Available records START
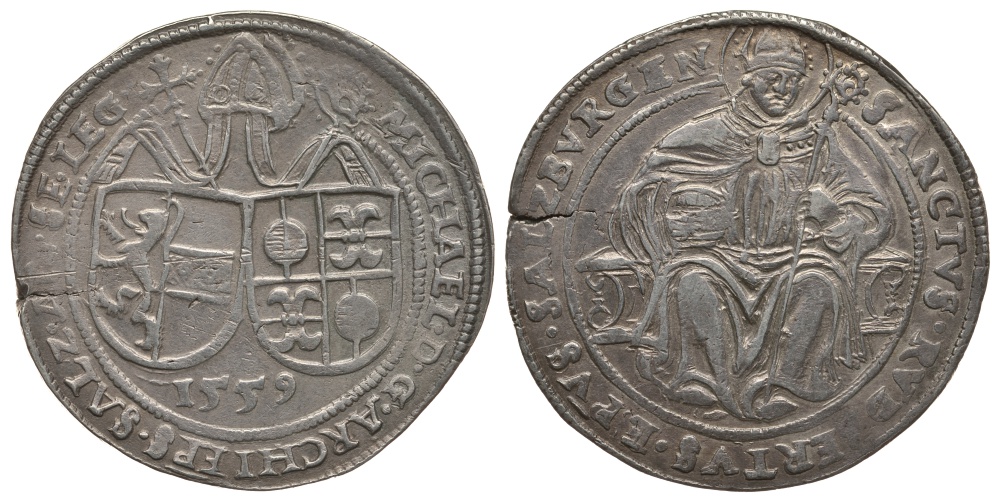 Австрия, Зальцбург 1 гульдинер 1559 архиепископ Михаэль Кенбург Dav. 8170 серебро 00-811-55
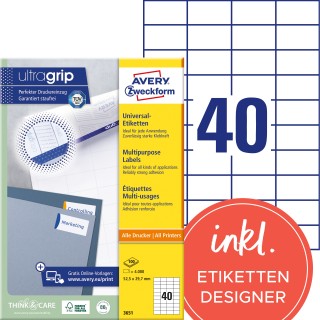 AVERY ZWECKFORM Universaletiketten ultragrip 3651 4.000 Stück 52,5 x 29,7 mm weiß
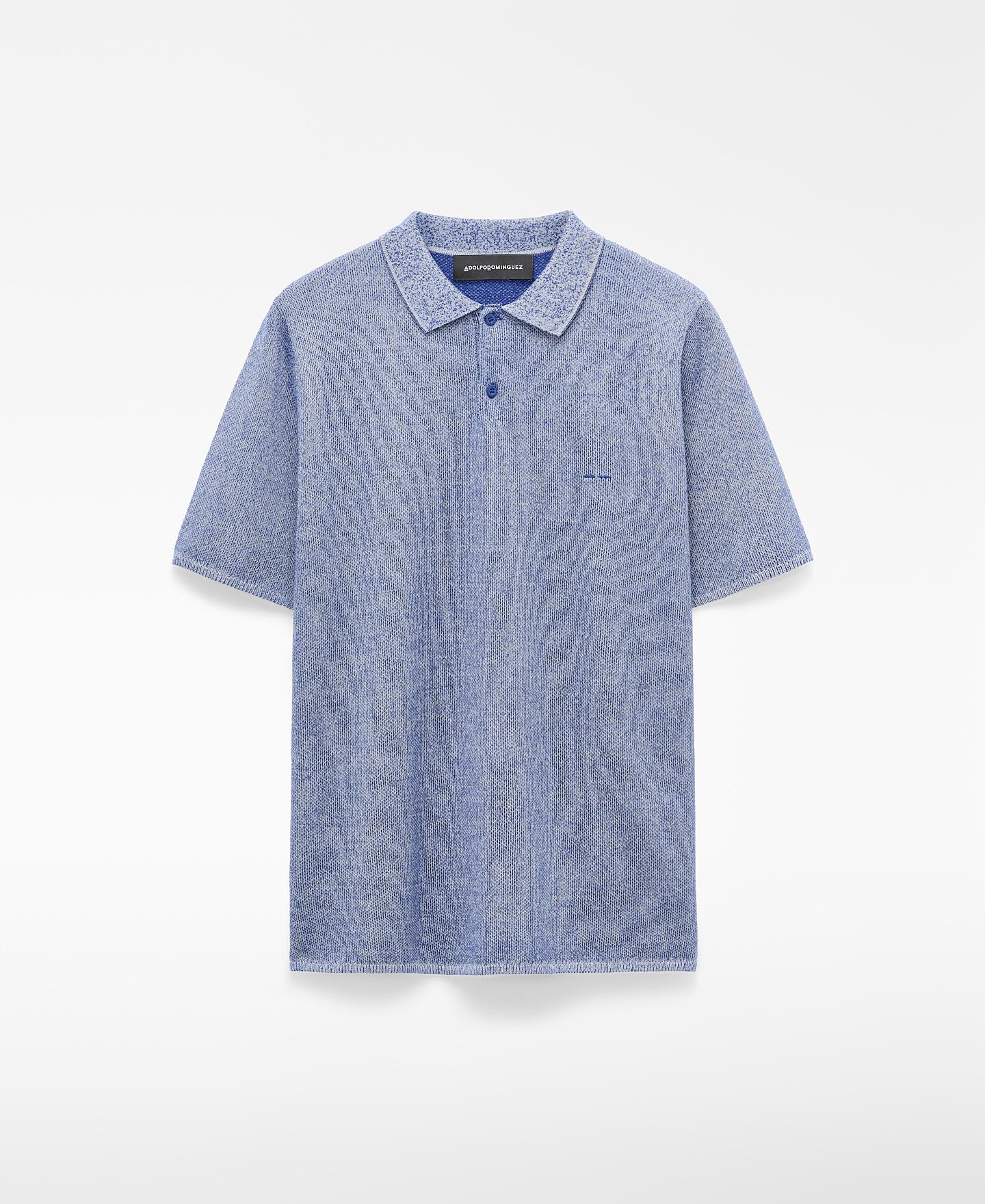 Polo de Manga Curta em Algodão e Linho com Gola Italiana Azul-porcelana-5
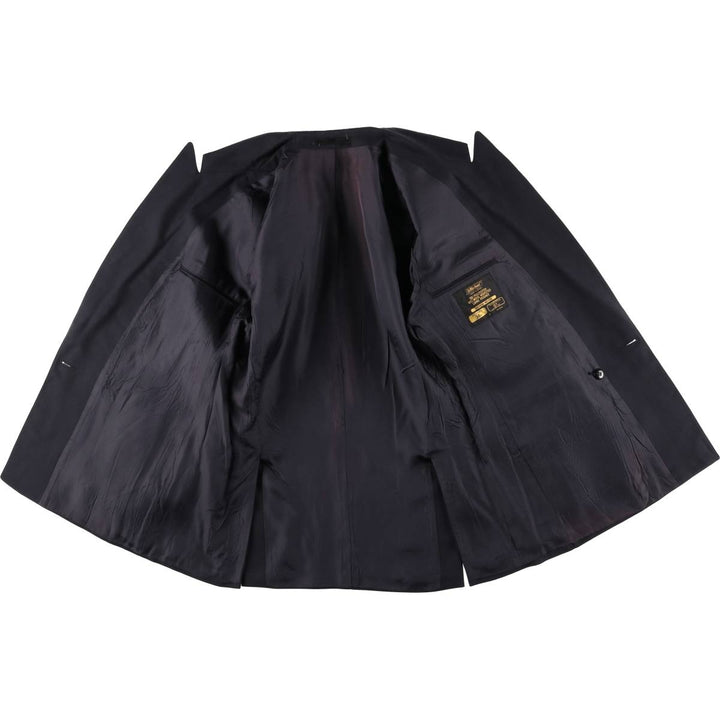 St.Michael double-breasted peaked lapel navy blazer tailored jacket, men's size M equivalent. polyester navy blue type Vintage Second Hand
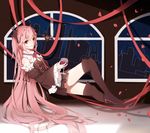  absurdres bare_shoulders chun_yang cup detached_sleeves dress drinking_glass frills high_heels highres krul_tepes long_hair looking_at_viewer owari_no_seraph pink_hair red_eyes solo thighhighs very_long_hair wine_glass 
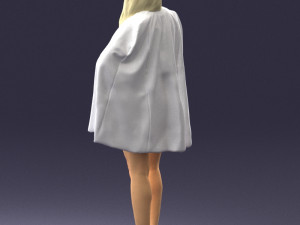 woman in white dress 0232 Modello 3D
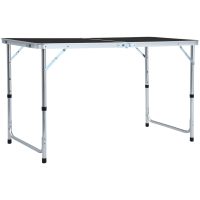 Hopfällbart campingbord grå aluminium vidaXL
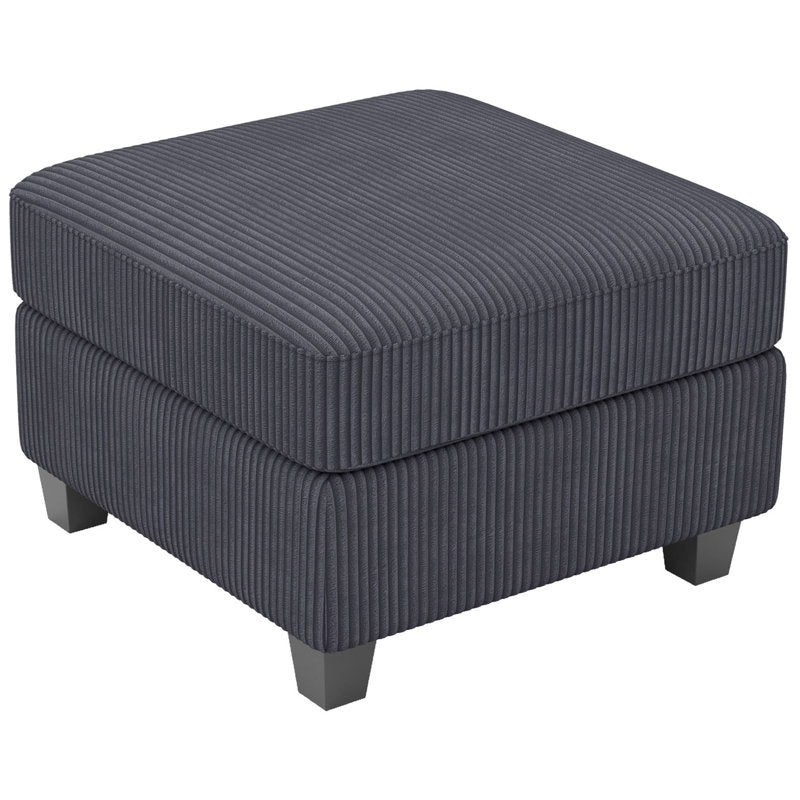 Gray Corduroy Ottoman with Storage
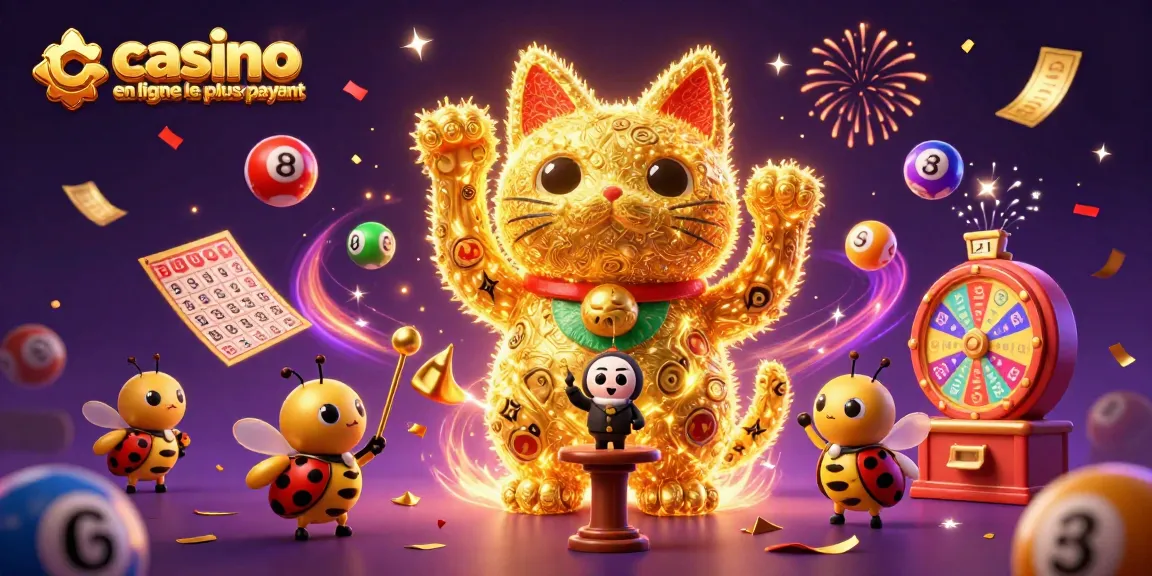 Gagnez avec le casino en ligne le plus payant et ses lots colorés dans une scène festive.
Available records END
Available records START
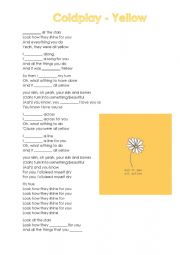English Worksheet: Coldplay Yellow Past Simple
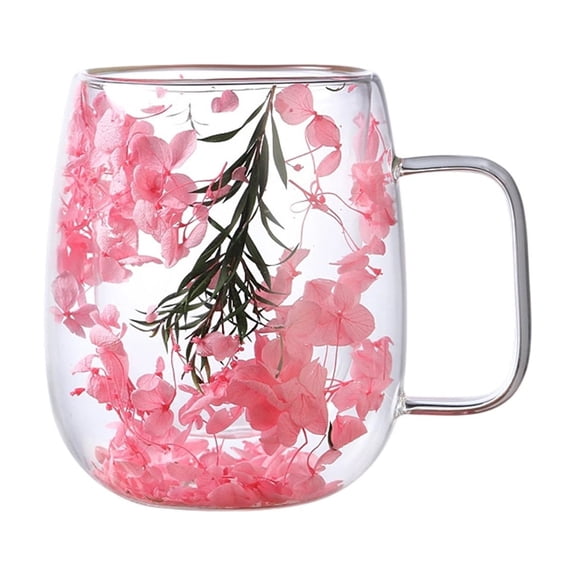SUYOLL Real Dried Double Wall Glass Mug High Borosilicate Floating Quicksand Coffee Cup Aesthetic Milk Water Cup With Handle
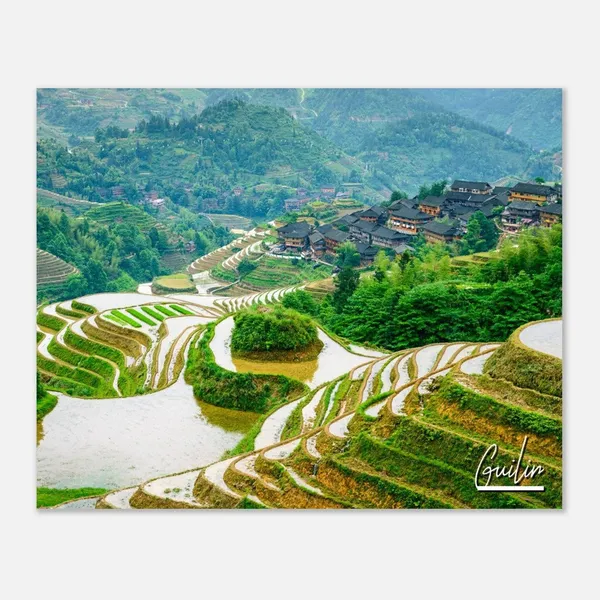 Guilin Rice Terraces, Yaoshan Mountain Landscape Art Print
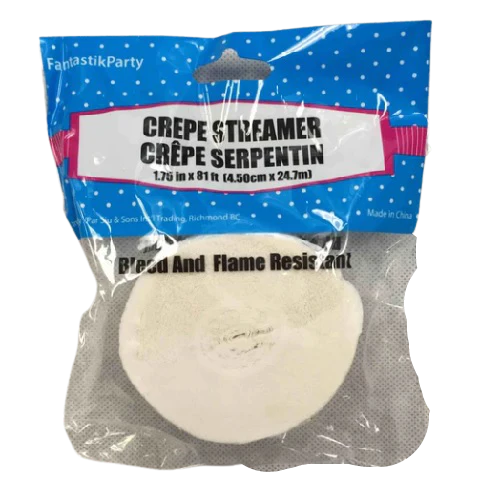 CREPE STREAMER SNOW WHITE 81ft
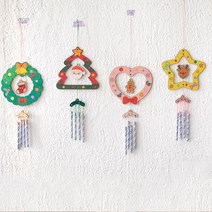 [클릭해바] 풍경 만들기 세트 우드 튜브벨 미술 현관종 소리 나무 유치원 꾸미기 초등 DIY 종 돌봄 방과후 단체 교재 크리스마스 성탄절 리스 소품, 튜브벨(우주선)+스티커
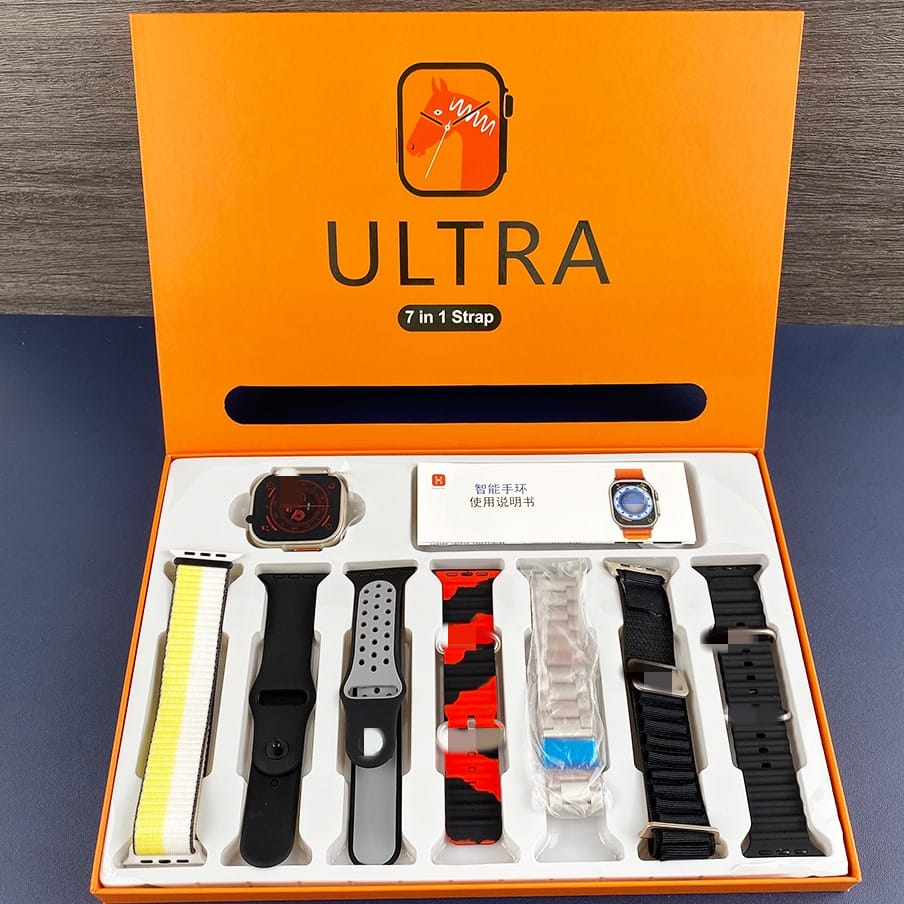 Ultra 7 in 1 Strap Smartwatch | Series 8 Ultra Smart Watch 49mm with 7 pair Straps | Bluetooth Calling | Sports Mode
Available records END
--- Work instruction ---
Taking the entries above, copy word for word the lines from the one with "woman in white dress 0232 Modello 3D" up to and including the one with "Gagnez avec le", without any picture.

--- Output for this task ---
 woman in white dress 0232 Modello 3D
 Hopfällbart campingbord grå aluminium vidaXL
 Gray Corduroy Ottoman with Storage
 Gagnez avec le casino en ligne le plus payant et ses lots colorés dans une scène festive.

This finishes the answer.